## AIM OF THE TASK
Using the material below, repeat exactly the lines from the one with "Imagen de No" through the one with "Contemplare l‘ordine. Intellettuali", ends included, without any images.

## EXTRACTED DATA
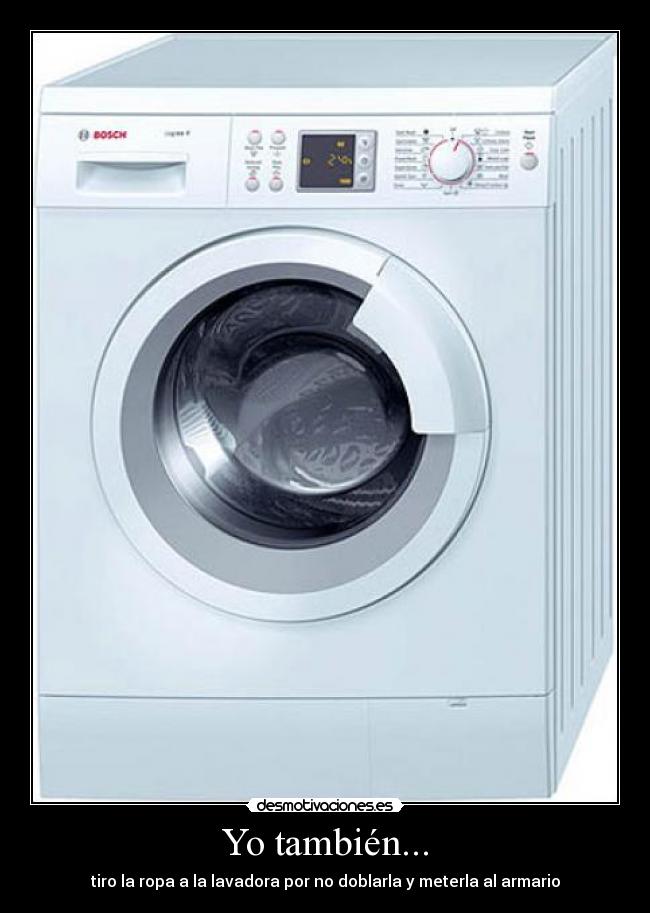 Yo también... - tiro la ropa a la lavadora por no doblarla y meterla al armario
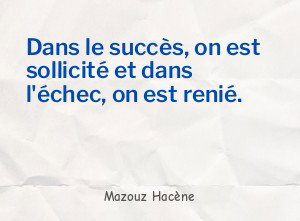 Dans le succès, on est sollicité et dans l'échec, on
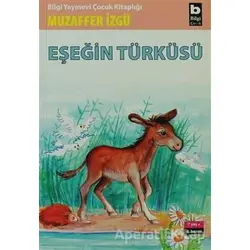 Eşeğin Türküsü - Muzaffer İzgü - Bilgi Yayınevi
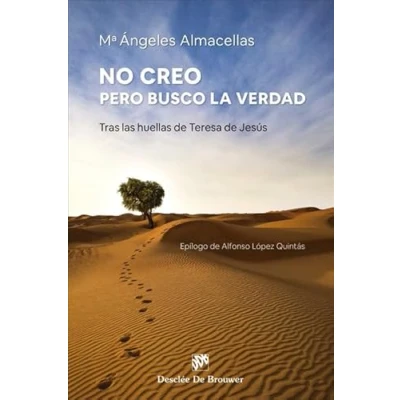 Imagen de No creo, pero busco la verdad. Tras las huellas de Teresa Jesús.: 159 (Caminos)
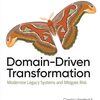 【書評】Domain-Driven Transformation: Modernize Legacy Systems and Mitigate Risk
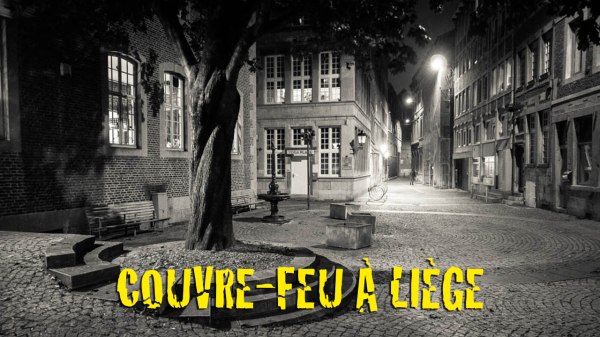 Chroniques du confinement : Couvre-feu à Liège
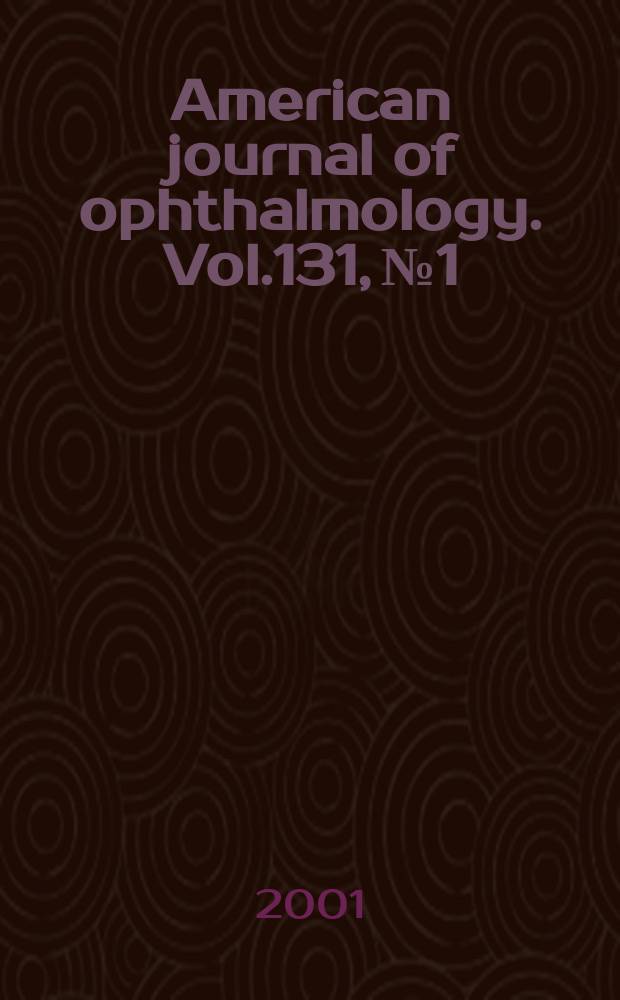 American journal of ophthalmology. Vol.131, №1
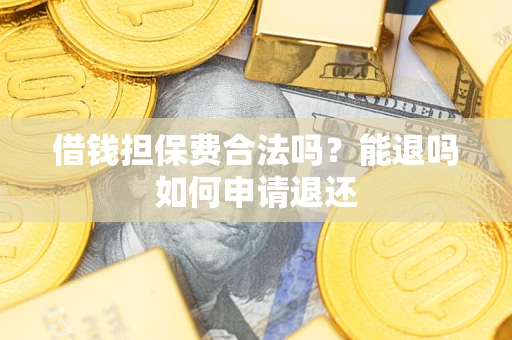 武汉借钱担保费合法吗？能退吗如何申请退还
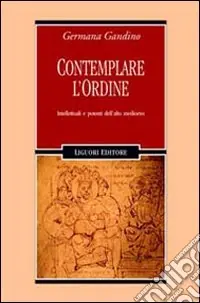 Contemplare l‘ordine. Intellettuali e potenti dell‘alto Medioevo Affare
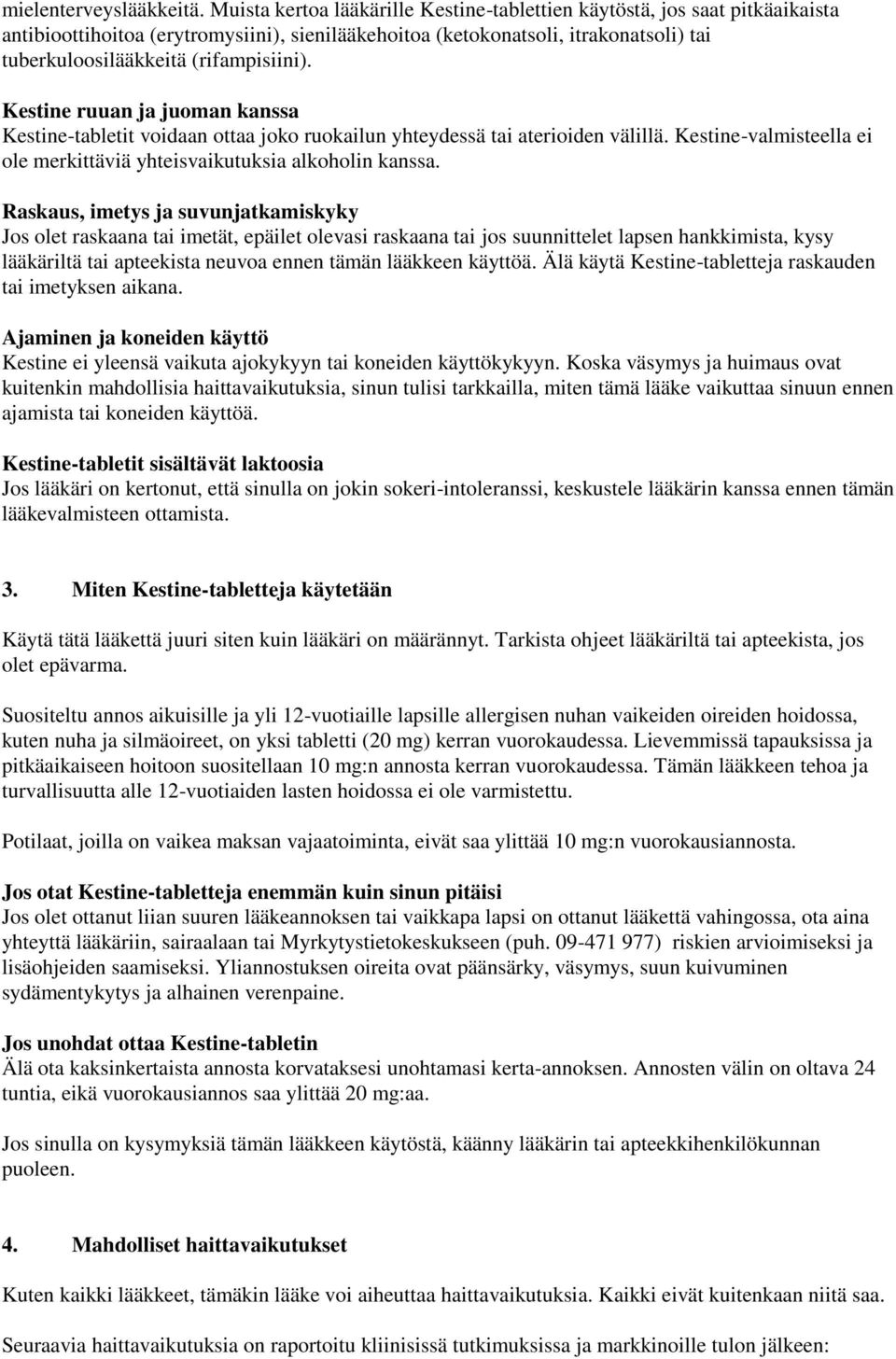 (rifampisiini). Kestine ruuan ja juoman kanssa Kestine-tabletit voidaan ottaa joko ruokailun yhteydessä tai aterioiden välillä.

## RESPONSE TO THE TASK
 Imagen de No creo, pero busco la verdad. Tras las huellas de Teresa Jesús.: 159 (Caminos)
 【書評】Domain-Driven Transformation: Modernize Legacy Systems and Mitigate Risk
 Chroniques du confinement : Couvre-feu à Liège
 American journal of ophthalmology. Vol.131, №1
 武汉借钱担保费合法吗？能退吗如何申请退还
 Contemplare l‘ordine. Intellettuali e potenti dell‘alto Medioevo Affare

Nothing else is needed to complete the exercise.